- [Aim of the exercise]:
Without any of the pictures, set down the data below exactly.

Material shown Block Start

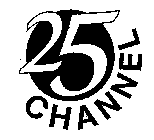 25 CHANNEL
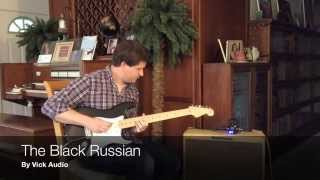 Vick Audio Black Russian Classic Reproduction Demo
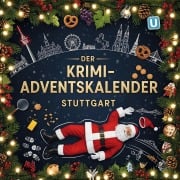 Cover-Bild zum Titel 'Der Krimi-Adventskalender Stuttgart' von 'Jonas Weber'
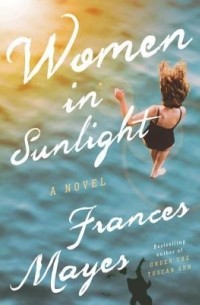 Frances Mayes - Women in Sunlight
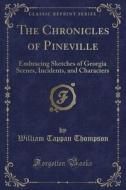 Thompson, W: Chronicles of Pineville edito da Forgotten Books
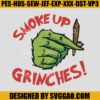 Smoke up Grinches Embroidery, Let's Get Lit Grinches Embroidery, Merry Weedmas Embroidery Machine File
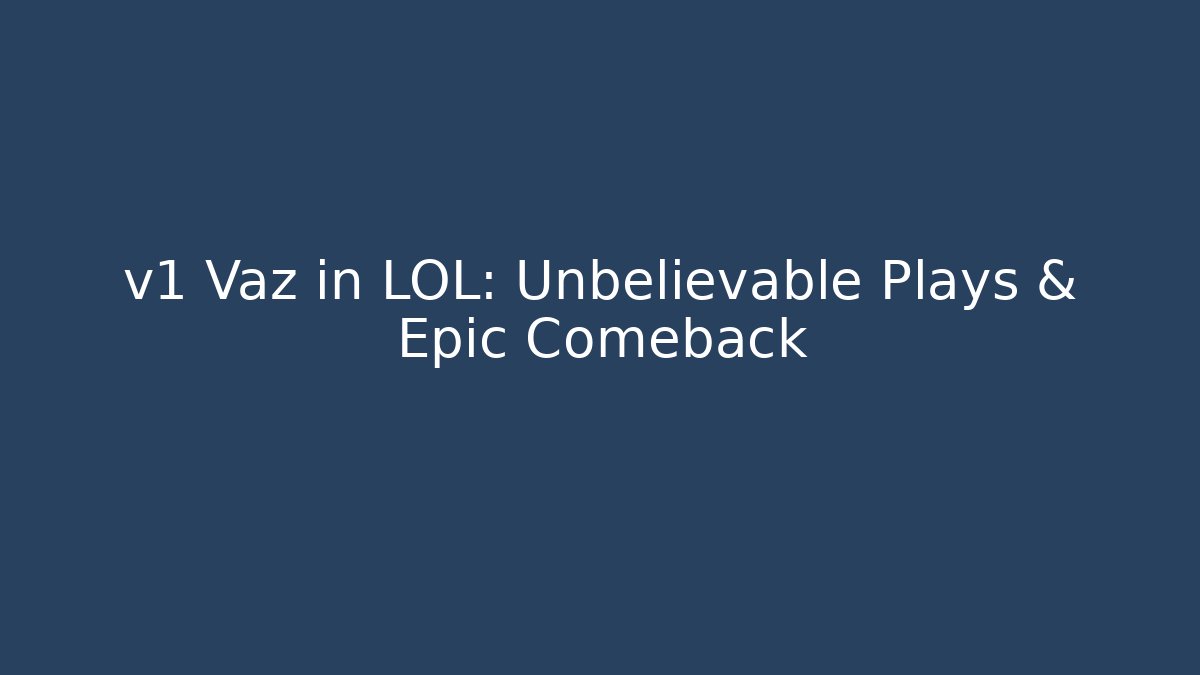 v1 Vaz in LOL: Unbelievable Plays & Epic Comeback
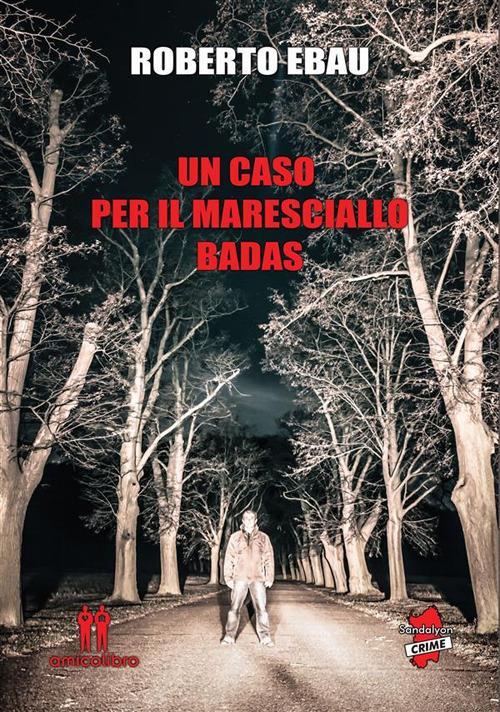 Un caso per il Maresciallo Badas - Roberto Ebau - ebook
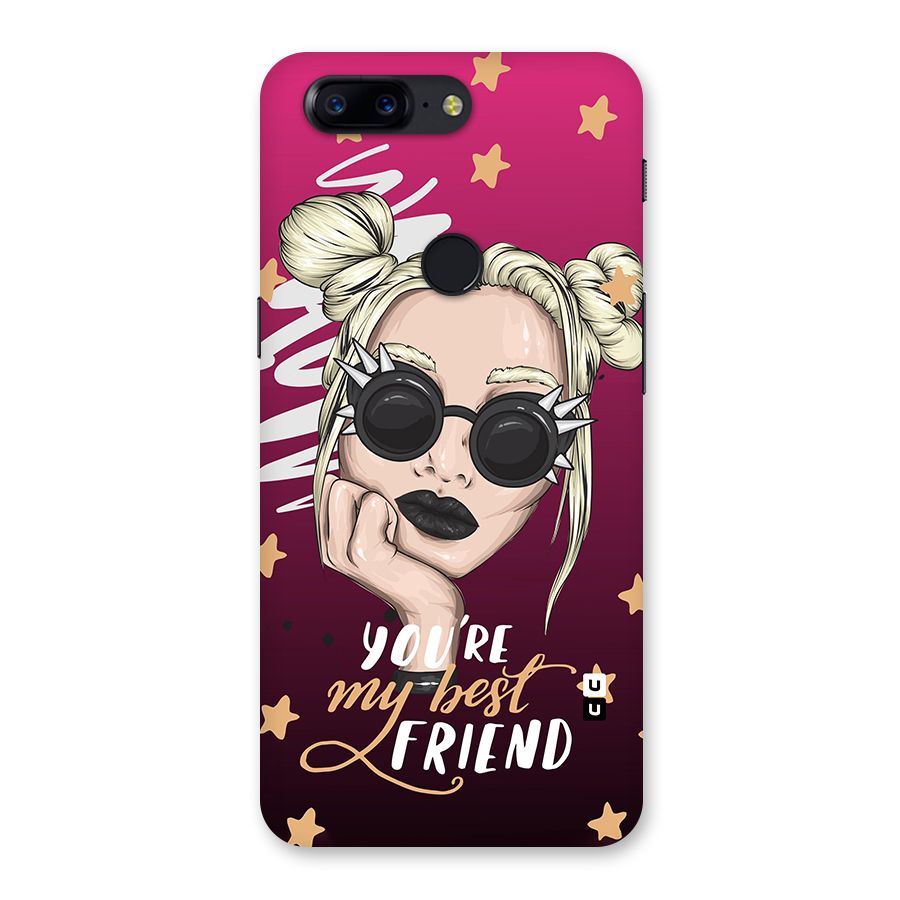 You My Best Friend Back Case for OnePlus 5T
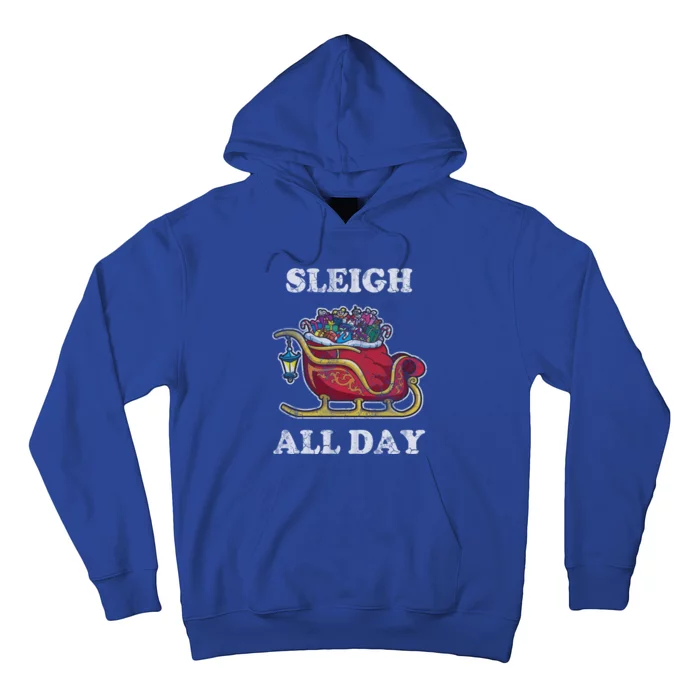 Sleigh All Day Christmas Santa Claus Retro Vintage Ugly Meaningful Gift Hoodie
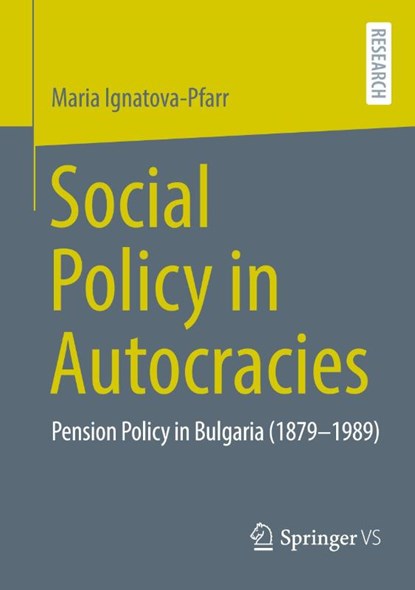 Social Policy in Autocracies, Maria Ignatova-Pfarr - Paperback - 9783658503291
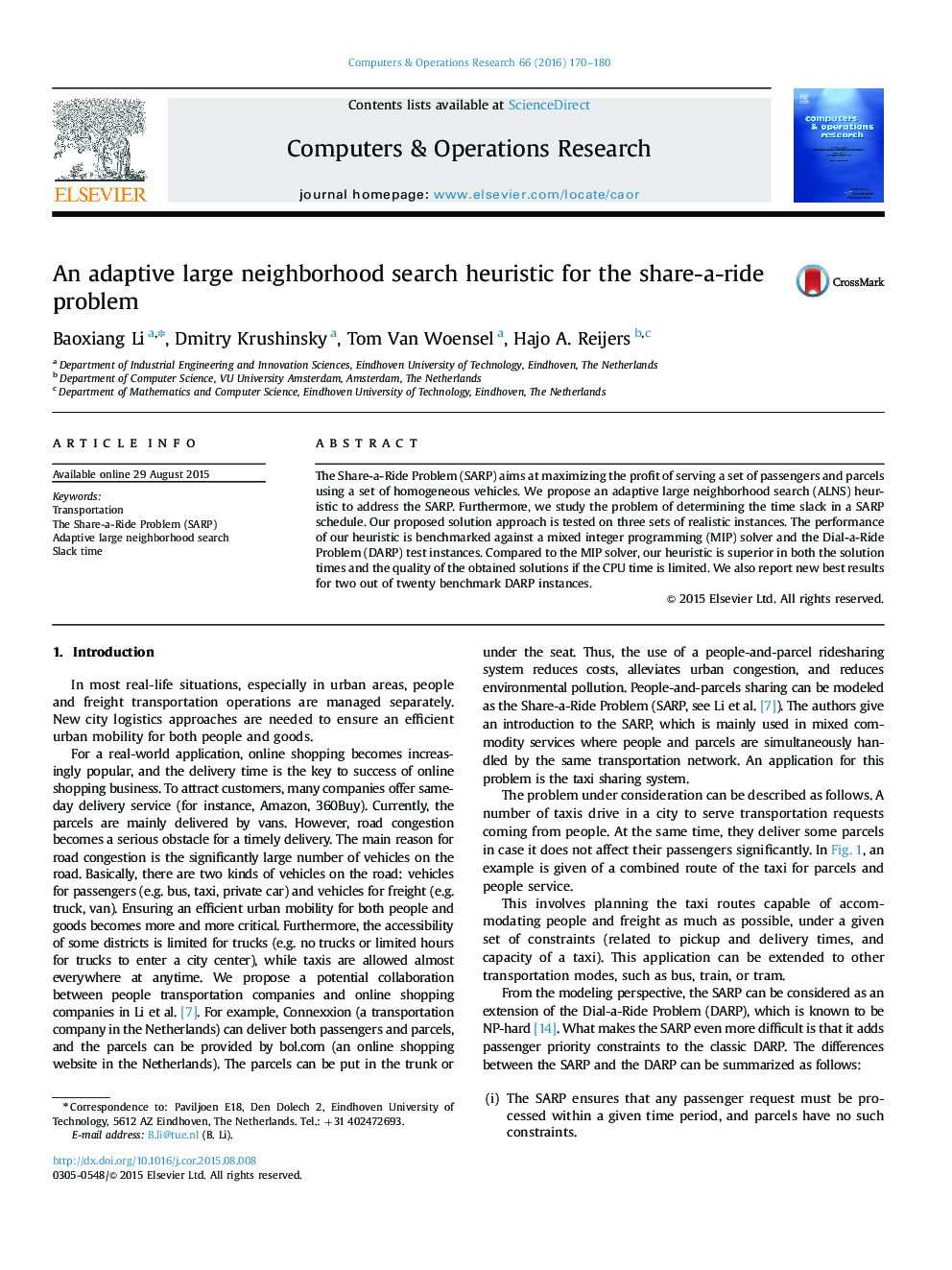 An adaptive large neighborhood search heuristic for the share-a-ride problem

Material shown Block End

- [Task result]:
 25 CHANNEL
 Vick Audio Black Russian Classic Reproduction Demo
 Cover-Bild zum Titel 'Der Krimi-Adventskalender Stuttgart' von 'Jonas Weber'
 Frances Mayes - Women in Sunlight
 Thompson, W: Chronicles of Pineville edito da Forgotten Books
 Smoke up Grinches Embroidery, Let's Get Lit Grinches Embroidery, Merry Weedmas Embroidery Machine File
 v1 Vaz in LOL: Unbelievable Plays & Epic Comeback
 Un caso per il Maresciallo Badas - Roberto Ebau - ebook
 You My Best Friend Back Case for OnePlus 5T
 Sleigh All Day Christmas Santa Claus Retro Vintage Ugly Meaningful Gift Hoodie
 Social Policy in Autocracies, Maria Ignatova-Pfarr - Paperback - 9783658503291
 An adaptive large neighborhood search heuristic for the share-a-ride problem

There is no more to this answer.